American parents are not alone in their concern about their boys’ education. There’s growing focus internationally on the disengagement of boys from schools. Parents in other countries have come up with imaginative strategies that are beginning to bear fruit—most of which are unknown to us in the United States. One particularly exciting innovation is the rapidly growing Waldkindergarten movement in German-speaking Europe: Germany, Austria, and northeastern Switzerland.
Waldkindergarten means literally “forest kindergarten.” These are kindergartensr that have no building, no walls. The children meet the teacher in a local park or wooded area, every day, all year round. They may spend a day, or several days, just studying a dozen trees: sniffing each tree, playing in the leaves if it’s autumn, learning about the seasonal cycles and life cycles of these trees, making a seesaw out of fallen limbs on an old stump.
The first questions American parents ask when they hear about Waldkindergarten is: “What do they do when the weather’s bad?

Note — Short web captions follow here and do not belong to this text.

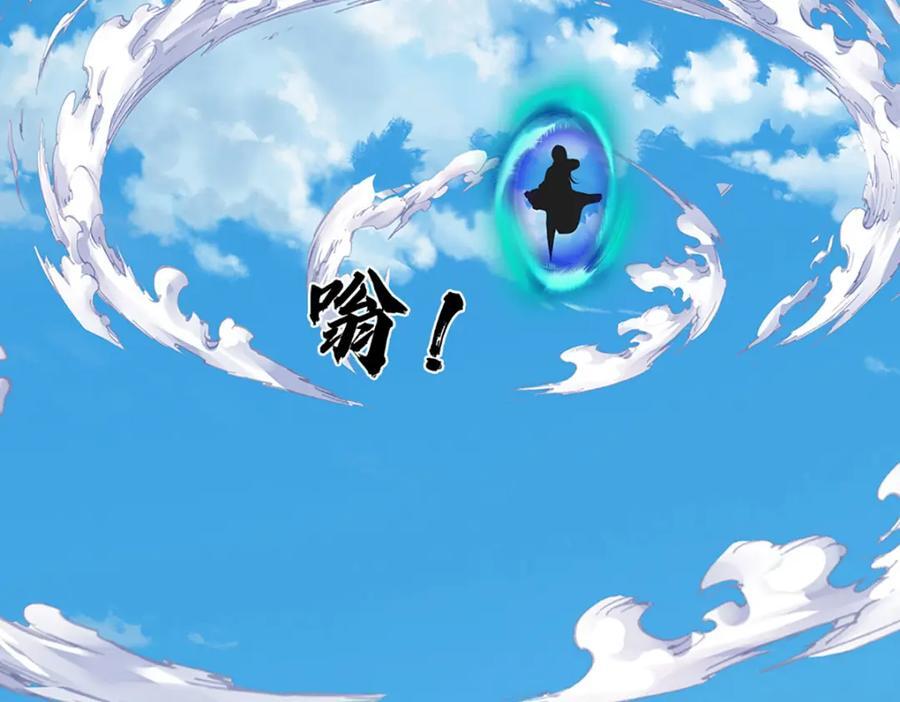 第268话 旷世妖祖，不容侵犯115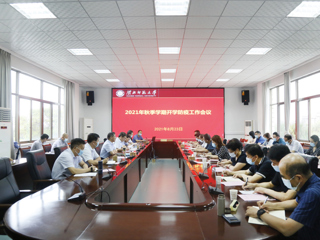 安博在线(中国)唯一官方网站召开秋季学期开学防疫工作会议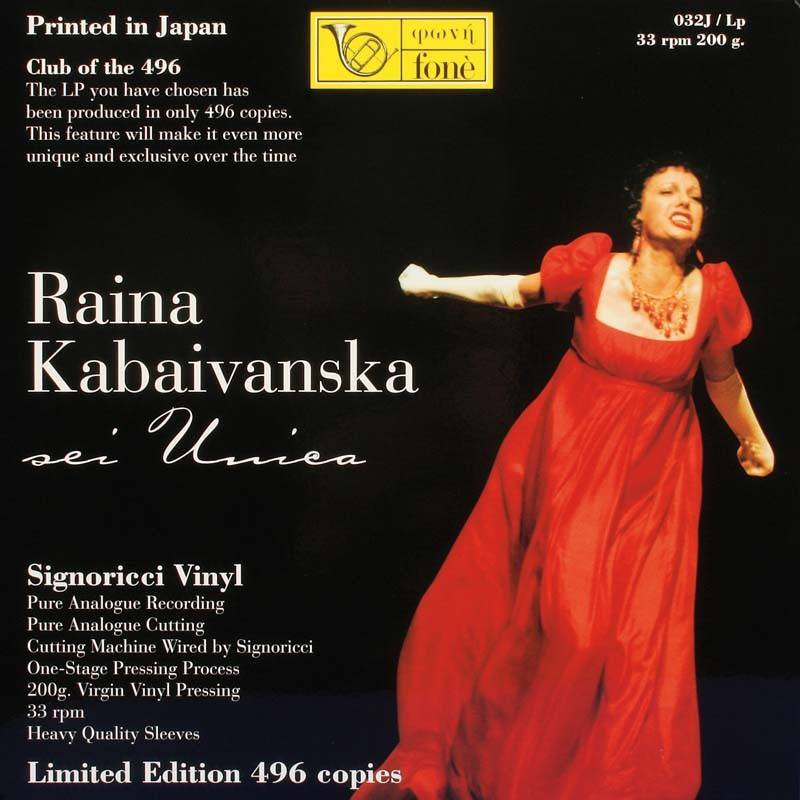 Raina Kabaivanska, Camerata Strumentale di Santa Cecilia – Arien von Puccini, Verdi u.a.: Raina Kabaivanska, Camerata Strumentale di Santa Cecilia – Arien von Puccini, Verdi u.a. (Fonè), Bild 1 Schallplatte Raina Kabaivanska, Camerata Strumentale di Santa Cecilia – Arien von Puccini, Verdi u.a. (Fonè) im Test, Bild 1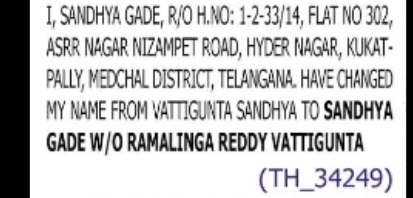 CHANGE OF NAME – VATTIGUNTA SANDHYA TO SANDHYA GADE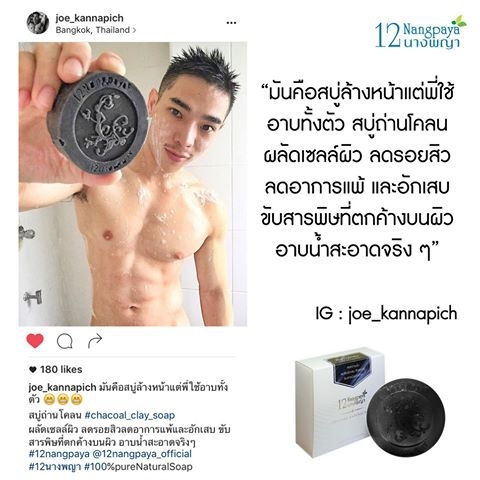 สบู่12นางพญา สบู่ถ่านโคลน (Charcoal Clay Soap)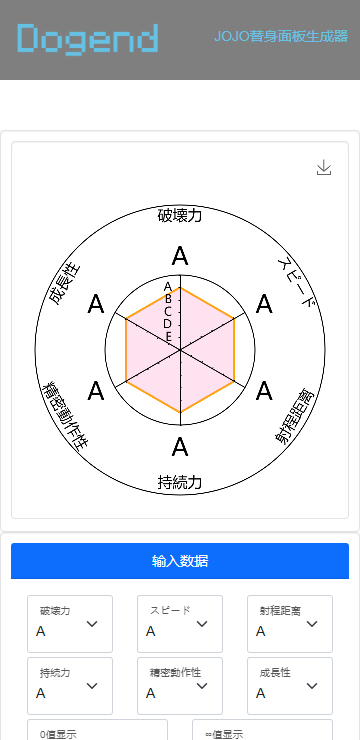 jojo替身面板生成器中文版免费下载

What if it snows? What if there’s a heavy rain?” The answer the Germans give is always some variation of Es gibt kein schlechtes Wetter, nur ungeeignete Kleidung: “There’s no such thing as bad weather, just unsuitable clothes.”s If you watch these children playing in the snow, you realize how true that is. We parents don’t like blizzards because bad weather slows us down. But five-year-olds love blizzards. With proper supervision, a five-year-old playing in snow is in no more jeopardy than a five-year-old on a playground in summertime.
Roland Gorges, a professor of education at Darmstadt College (just south of Frankfurt), assessed children in fourth grade, several years after they left the Waldkindergarten. He found that boys who start school in a Waldkindergarten are much less likely to be diagnosed with ADHD, and typically are more attentive in school in fourth grade, compared with boys from the same neighborhood who attended a conventional kindergarten.5
The Waldkindergarten movement is one of the fastest-growing education trends in Europe right now.6 American educators and parents would do well to learn about it. You can find out more about Waldkindergarten (in English) and related initiatives at www.BoysAdrift.com.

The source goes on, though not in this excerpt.